DATA FOR REVIEW:
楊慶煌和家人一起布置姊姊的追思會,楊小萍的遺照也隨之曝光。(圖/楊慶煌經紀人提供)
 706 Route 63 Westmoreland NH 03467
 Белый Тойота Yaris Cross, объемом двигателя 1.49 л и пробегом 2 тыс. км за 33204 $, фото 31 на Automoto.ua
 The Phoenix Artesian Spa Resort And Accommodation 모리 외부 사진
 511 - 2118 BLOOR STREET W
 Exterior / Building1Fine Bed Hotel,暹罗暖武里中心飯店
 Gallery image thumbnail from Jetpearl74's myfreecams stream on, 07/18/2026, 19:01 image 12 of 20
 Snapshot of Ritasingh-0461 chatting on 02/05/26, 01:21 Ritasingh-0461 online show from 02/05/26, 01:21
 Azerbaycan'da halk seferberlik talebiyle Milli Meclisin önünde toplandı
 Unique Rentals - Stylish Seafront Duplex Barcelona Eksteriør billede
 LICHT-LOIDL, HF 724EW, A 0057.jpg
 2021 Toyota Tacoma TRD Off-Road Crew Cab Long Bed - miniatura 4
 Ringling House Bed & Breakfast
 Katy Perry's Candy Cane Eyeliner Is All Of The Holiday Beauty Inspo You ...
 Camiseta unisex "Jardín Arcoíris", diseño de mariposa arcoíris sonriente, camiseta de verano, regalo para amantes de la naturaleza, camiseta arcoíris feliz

DIRECTIONS FOR THIS TASK: Copy out the data exactly as it stands, leaving nothing out.

WRITTEN SOLUTION:
楊慶煌和家人一起布置姊姊的追思會,楊小萍的遺照也隨之曝光。(圖/楊慶煌經紀人提供)
 706 Route 63 Westmoreland NH 03467
 Белый Тойота Yaris Cross, объемом двигателя 1.49 л и пробегом 2 тыс. км за 33204 $, фото 31 на Automoto.ua
 The Phoenix Artesian Spa Resort And Accommodation 모리 외부 사진
 511 - 2118 BLOOR STREET W
 Exterior / Building1Fine Bed Hotel,暹罗暖武里中心飯店
 Gallery image thumbnail from Jetpearl74's myfreecams stream on, 07/18/2026, 19:01 image 12 of 20
 Snapshot of Ritasingh-0461 chatting on 02/05/26, 01:21 Ritasingh-0461 online show from 02/05/26, 01:21
 Azerbaycan'da halk seferberlik talebiyle Milli Meclisin önünde toplandı
 Unique Rentals - Stylish Seafront Duplex Barcelona Eksteriør billede
 LICHT-LOIDL, HF 724EW, A 0057.jpg
 2021 Toyota Tacoma TRD Off-Road Crew Cab Long Bed - miniatura 4
 Ringling House Bed & Breakfast
 Katy Perry's Candy Cane Eyeliner Is All Of The Holiday Beauty Inspo You ...
 Camiseta unisex "Jardín Arcoíris", diseño de mariposa arcoíris sonriente, camiseta de verano, regalo para amantes de la naturaleza, camiseta arcoíris feliz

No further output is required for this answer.